Select Committee on Environment, Food and Rural Affairs Written Evidence


Memorandum submitted by B Hitchin (BTB 04)

  Does the Consultation on the proposed badger cull as a means of controlling TB in cattle address the two issues below ?

A.  SCIENTIFIC VALIDITY

B.  PRACTICALITY and COST EFFECTIVENESS

A.  SCIENTIFIC VALIDITY

  1.  The rationale for a mass badger cull relies heavily on the interim results of the KREBS/RBCT badger culling trial (i). This found that extensive proactive culls reduced cattle TB initially by 19% whereas, just outside the badger culling area, cattle TB increased by 29% due to "perturbed" badgers emigrating outwards just as the reactive cull increased TB by 27%. This represents an impossible political nightmare—how can it make things both better and worse?

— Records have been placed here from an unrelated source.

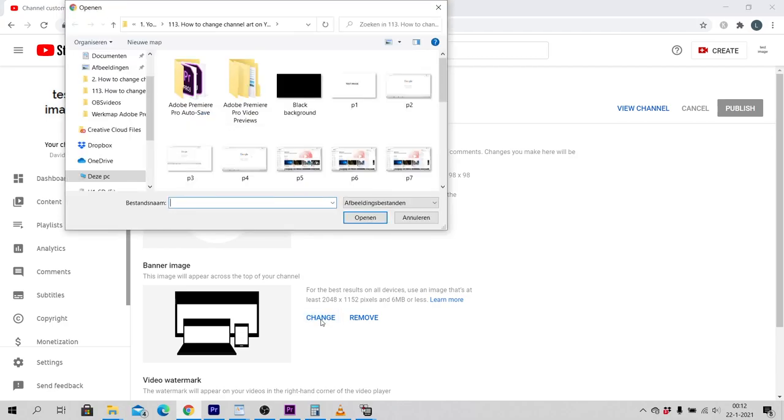Now you can upload and select an image from your computer or laptop. Select the image that you want to use.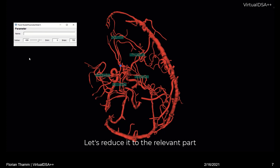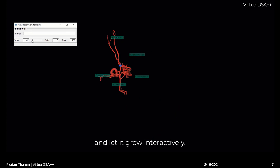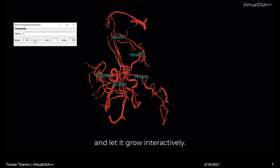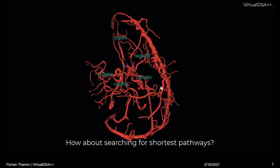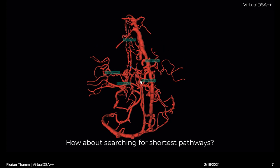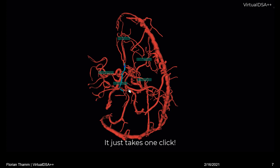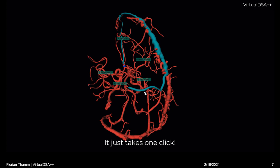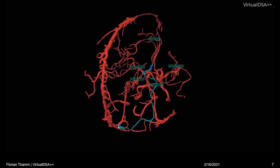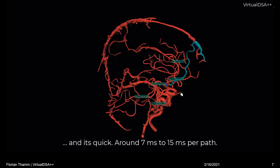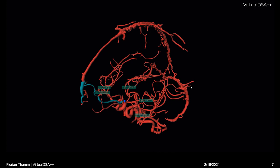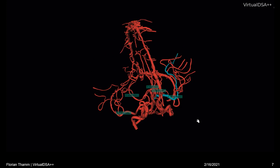We can now use the graph search to reduce the model to the relevant parts. For this purpose, we change the running distance and set the desired one — we can let it grow interactively. That is vein suppression. We can also now search for shortest pathways, just by clicking the desired goal point. It's quick as well — it just takes 7 to 15 milliseconds per path, as it is already cached in the background. We have done the whole graph search and just reuse our results.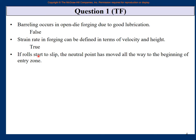If rolls start to slip — normally in rolling there is enough friction between the roll and the billet so the material keeps moving forward. But if it starts to slip, the neutral point has moved all the way to the beginning of the entry zone. Here it starts to touch the roll (entry) and here the material leaves the roll (exit). If rolling starts to slip, the neutral point moves to the exit zone, not the entry zone. So the answer is false.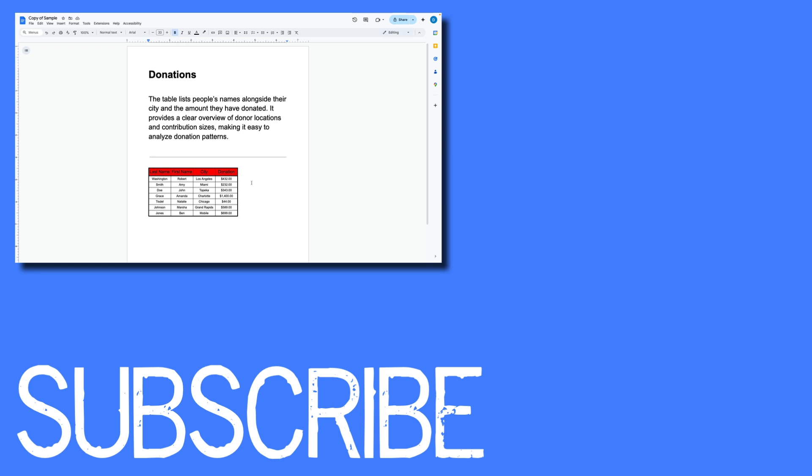If you found this video helpful please click that like button and subscribe to this channel to view more helpful videos in the future. Also please be sure to visit my website at therabbitpad.com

  2.  In FACT there are two things wrong with these views from Professor Bourne and the ISG team:

    (a)  Simply too few badgers were culled to cause such an effect: out of 1,000 sq km in the 10 triplet areas, only 357 with TB and, of those, only 127 with lesions which might make them "superexcretors" which might infect cattle, although how is unknown. Cattle need a minimum dose by ingestion of 1 million bacilli, ie a calf would need to drink three cc of badger urine with 300,000 bacilli per cc: wildly improbable!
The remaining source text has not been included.